Он, не переставая, мычал, и какая-то посторонняя дама, обратившая на него внимание, с вымученной веселостью принялась с ним возиться, словно он был «самым обычным ребенком», а может быть, даже более симпатичным и милым, чем остальные дети!
Мать делала вид, что ничего особенного не происходит, она охотно позволила обмануть себя.
Я быстро прикинул, как повести себя на месте этой несчастной матери:
1. Можно сказать себе, что ребенок нуждается в специальном уходе, который ты не в состоянии обеспечить, и отказаться от него.
2. Можно ухаживать за ребенком и превратить это в дело всей своей жизни, почувствовать себя сильным человеком, который заботится о слабом.
3. Можно воспринимать такого ребенка как «особенное», почти божественное существо, посланное тебе, чтобы ты по-настоящему научился любить и других, «обычных» детей посчитал бы даже менее интересными.
К тому же вполне возможно, что некоторые матери просто заставляют себя полюбить такого ребенка. Но насколько это нормально?

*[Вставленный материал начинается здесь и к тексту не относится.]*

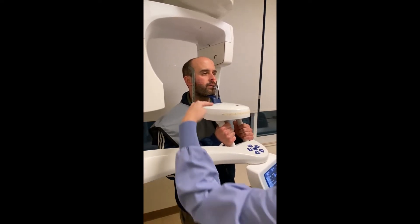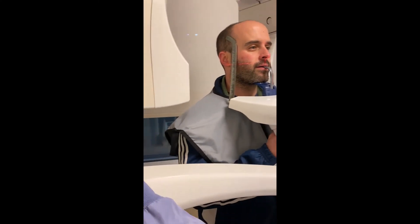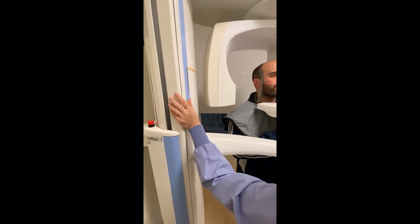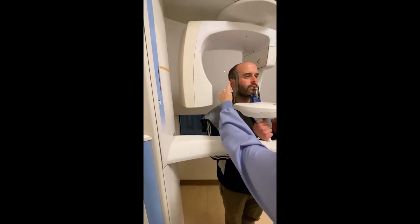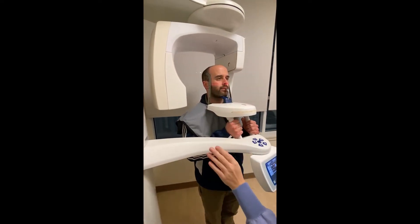The next laser to look at is the ala and the tragus laser. When adjusting this laser, it can be found on the panorex's left-hand side. Roll this laser up so that it hits the middle of the tragus and the middle of the ala, or as close as possible.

Мысль о такой возможности приводила меня в страшное замешательство, ведь меня пугала даже собака с отталкивающей внешностью! А как быть, когда мальчик подрастет и по-прежнему будет «мычать», несмотря на то что у него вырастет щетина, появятся сексуальные потребности и отвисший живот? Да это же просто пародия на нашего бедного Торгни! Отцом такого ребенка я не хочу быть ни при каких условиях.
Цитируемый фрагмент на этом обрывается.